According to the research, the LLP-Co method has outperformed traditional unsupervised learning approaches, such as Swapping Assignments Between Views (SwAV). Remote sensing image classification is a time-consuming and labor-intensive task, but systems like LLP-Co significantly reduce the need for human effort in this process.
With the help of drones, researchers can capture images and classify them using the LLP-Co system. | Photo: Envato
The system's applications in forest monitoring enable greater accuracy in tracking deforestation progress, allowing for more effective public policy management. Additionally, the identification and classification of plant species can reveal surprising details about local biodiversity, opening new avenues for research focused on environmental conservation.
Versatility of applications
Professor Dário Oliveira’s research is at the forefront of Data Science. Through international collaborations, his work spans multiple disciplines and has been published in highly respected scientific journals. In the Social Sciences field, Oliveira contributed to a study that explored the relationship between socioeconomic indicators using satellite imagery processed by artificial intelligence. The findings enable applications in urban planning, social inequality monitoring, and the development of more effective public policies to support community growth.

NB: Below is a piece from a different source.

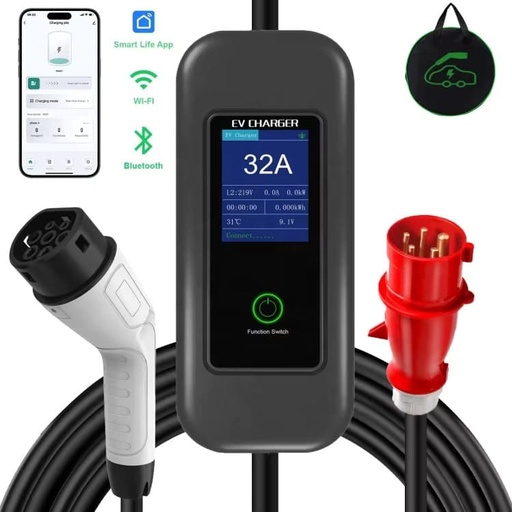 Charger 22 kw 3Phase Type 2 (Portable)
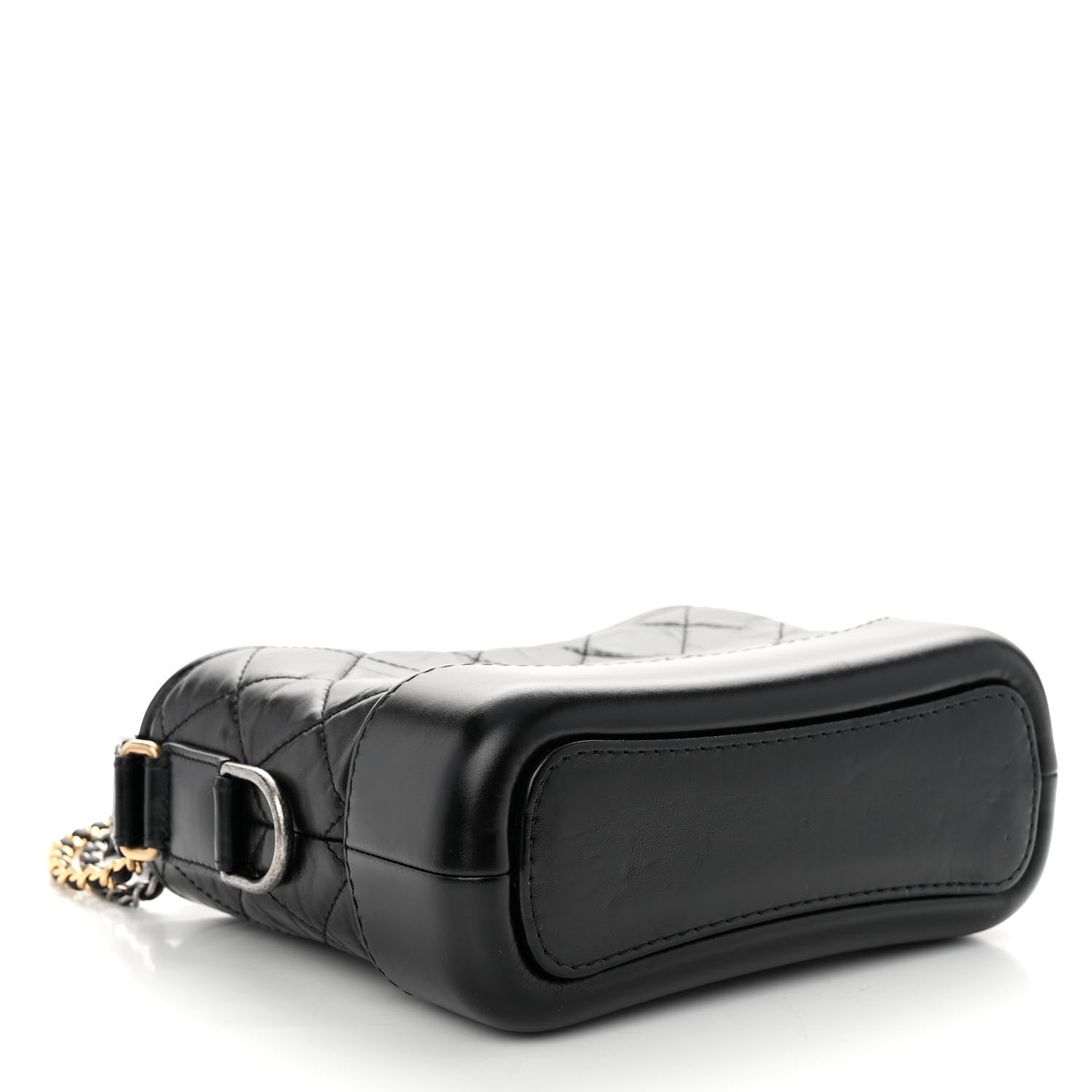 Chanel Aged Calfskin Quilted Small Gabrielle Hobo Black 4 of 10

Another study examines the connection between urban expansion and land surface temperature (LST) increase. Using LST time series extracted from satellite images, the researchers applied clustering methods to identify spatiotemporal patterns in three cities: Kolkata (India), São Paulo (Brazil), and Munich (Germany). The results revealed that urban growth significantly contributes to rising LST, particularly in recently urbanized peripheral areas. Additionally, the study showed that the migration of the LST center of mass over time reflects the direction of urban expansion.
Application of how deep learning models can predict socioeconomic outcomes related to local environmental conditions | Photo: Reproduction/ Obadic et al., 2024.
Dário Oliveira also contributed to research that proposed a new method for improving the synthesis of extreme climate data using variational autoencoders (VAEs). The VAEs were trained to recognize climate patterns from historical precipitation data, enabling the prediction or generation of new climate scenarios. The results indicate that this technique can enhance climate forecasting models and environmental risk analysis. This approach also helped correct biases in traditional models, ensuring that rare events were neither underestimated nor overlooked. The methodology has potential applications beyond climate studies, including natural disaster prediction, climate monitoring, and urban planning.
The work of Professor Dário Oliveira and his team at FGV EMAp marks a significant advancement in artificial intelligence and remote sensing techniques for complex data analysis. The versatility of this method allows its application across multiple fields, broadening the use of geospatial data to better understand urban, climate, and socioeconomic phenomena.
Through these innovations, FGV EMAp plays a key role in bridging data science and sustainability, offering groundbreaking solutions for environmental monitoring and strategic decision-making in natural resource management.